“É especialmente doloroso ver que a violência é direcionada por torcedores contra seus próprios times. Fiquei chocado ao ler sobre o caso do jogador que deixou o clube por ameaças feitas à sua família”. A fala é de Gianni Infantino, presidente da Fifa, e abriu o Seminário de Combate ao Racismo e à Violência no Futebol, realizado pela CBF nesta quarta-feira (24).
Quase no mesmo horário que a mensagem de Infantino foi exibida, e no mesmo Rio de Janeiro, torcedores de Fluminense e Corinthians - que jogaram pela semifinal da Copa do Brasil na noite desta quarta - brigaram na praia de Copacabana.
São retratos do que é o atual cenário do futebol brasileiro, que retoma seus piores momentos, como na década de 1990, e se afasta do clima de diversão e comemorações que o esporte deveria proporcionar.
Com as frequentes notícias de brigas nos arredores dos estádios, casos de racismo vindo das torcidas, pressão excessiva de organizadas, pedras e bombas atiradas contra ônibus de clubes adversários, a sensação que domina é a de insegurança.
Você se sentiria seguro para levar, hoje, sua família a um jogo de futebol?

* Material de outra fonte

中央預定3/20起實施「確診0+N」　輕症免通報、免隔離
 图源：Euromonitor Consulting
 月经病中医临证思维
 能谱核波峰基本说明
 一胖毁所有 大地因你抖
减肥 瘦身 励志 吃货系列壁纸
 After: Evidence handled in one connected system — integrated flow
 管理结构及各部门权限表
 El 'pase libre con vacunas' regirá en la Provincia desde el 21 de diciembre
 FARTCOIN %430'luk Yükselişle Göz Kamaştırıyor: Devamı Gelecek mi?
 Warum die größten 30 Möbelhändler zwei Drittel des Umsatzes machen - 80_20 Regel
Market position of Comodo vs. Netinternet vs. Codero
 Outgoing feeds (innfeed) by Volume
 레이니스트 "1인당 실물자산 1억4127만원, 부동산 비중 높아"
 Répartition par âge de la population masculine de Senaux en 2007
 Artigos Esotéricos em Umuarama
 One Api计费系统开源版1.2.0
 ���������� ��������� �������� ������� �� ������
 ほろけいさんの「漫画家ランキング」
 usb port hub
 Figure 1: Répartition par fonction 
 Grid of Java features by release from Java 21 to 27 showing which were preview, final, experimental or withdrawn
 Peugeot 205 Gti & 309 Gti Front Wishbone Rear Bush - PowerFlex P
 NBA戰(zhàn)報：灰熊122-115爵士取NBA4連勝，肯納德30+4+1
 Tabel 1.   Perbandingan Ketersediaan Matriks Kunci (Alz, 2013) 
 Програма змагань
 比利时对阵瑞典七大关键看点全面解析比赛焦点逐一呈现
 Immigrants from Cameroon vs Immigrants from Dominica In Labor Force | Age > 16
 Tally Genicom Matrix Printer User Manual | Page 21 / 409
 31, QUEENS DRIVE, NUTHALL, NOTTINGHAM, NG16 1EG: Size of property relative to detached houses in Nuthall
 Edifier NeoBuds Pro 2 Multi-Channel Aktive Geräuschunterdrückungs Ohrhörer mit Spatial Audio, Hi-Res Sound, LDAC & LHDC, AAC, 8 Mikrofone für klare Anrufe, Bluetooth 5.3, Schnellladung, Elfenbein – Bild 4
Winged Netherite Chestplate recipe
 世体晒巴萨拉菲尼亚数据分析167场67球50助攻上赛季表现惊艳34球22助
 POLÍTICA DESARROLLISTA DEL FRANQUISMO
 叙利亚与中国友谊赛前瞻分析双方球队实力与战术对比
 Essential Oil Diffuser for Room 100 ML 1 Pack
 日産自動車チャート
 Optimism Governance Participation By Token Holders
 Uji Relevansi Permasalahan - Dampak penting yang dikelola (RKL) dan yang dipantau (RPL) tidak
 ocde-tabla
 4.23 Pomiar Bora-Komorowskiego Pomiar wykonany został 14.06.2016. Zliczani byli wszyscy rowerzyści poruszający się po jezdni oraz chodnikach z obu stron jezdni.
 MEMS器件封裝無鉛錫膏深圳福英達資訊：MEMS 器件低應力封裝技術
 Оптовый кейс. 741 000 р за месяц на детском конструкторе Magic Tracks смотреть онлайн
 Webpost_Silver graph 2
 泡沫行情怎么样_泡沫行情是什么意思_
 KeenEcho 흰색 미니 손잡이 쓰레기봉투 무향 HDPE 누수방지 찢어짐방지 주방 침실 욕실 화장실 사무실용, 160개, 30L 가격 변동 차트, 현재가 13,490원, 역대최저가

Tendo a apostar que boa parte das respostas seria “não”. Infelizmente. Como alguém que cresceu indo a estádios, quarta e domingo, lamento por essa experiência que a nova geração não vivencia.
E nascida nos anos 1990, eu vi sim cenas tristes de violência nas torcidas - estava, inclusive, no Couto Pereira, em Curitiba, em 2009, quando a torcida do Coritiba invadiu o gramado ao fim da partida contra o Fluminense (que decretou o rebaixamento do clube alviverde) e transformou o estádio em uma cena de guerra. Mas sinto que hoje o medo é maior.
Em entrevista à Folha de S.Paulo, em março deste ano, Bernardo Buarque de Hollanda, pesquisador de Ciências Sociais na FGV, traz uma visão que, junto à impunidade por parte de clubes, CBF e secretarias de segurança, corrobora para essa potencialização das violência por parte das torcidas.
"Durante o período em que as torcidas estiveram longe dos estádios [em função da pandemia de Covid-19], eles conseguiram atrair uma pauta positiva, com as ações sociais que muitas organizadas fizeram. Ironicamente, no momento em que elas voltam a poder ir aos estádios, há um efeito como se fosse uma mola que estava reprimida e há esse ímpeto de violência", diz.
Mas não há justificativa para esses atos. O futebol não pode ser esse lugar inóspito. Aqui é o país do futebol, como destacou Milton Nascimento em música com este nome:
No fundo desse país
Ao longo das avenidas
Nos campos de terra e grama
Brasil só é futebol
Nesses noventa minutos
De emoção e alegria
Esqueço a casa e o trabalho
A vida fica lá fora, a cama
Torcemos para que o clima volte a ser esse, e de “emoção e alegria”, e que as arquibancadas possam se colorir com a presença de famílias, mulheres, crianças, todas as tribos e raças, pois todo mundo merece sentir a sensação de estar em um estádio de futebol sem se preocupar com violência.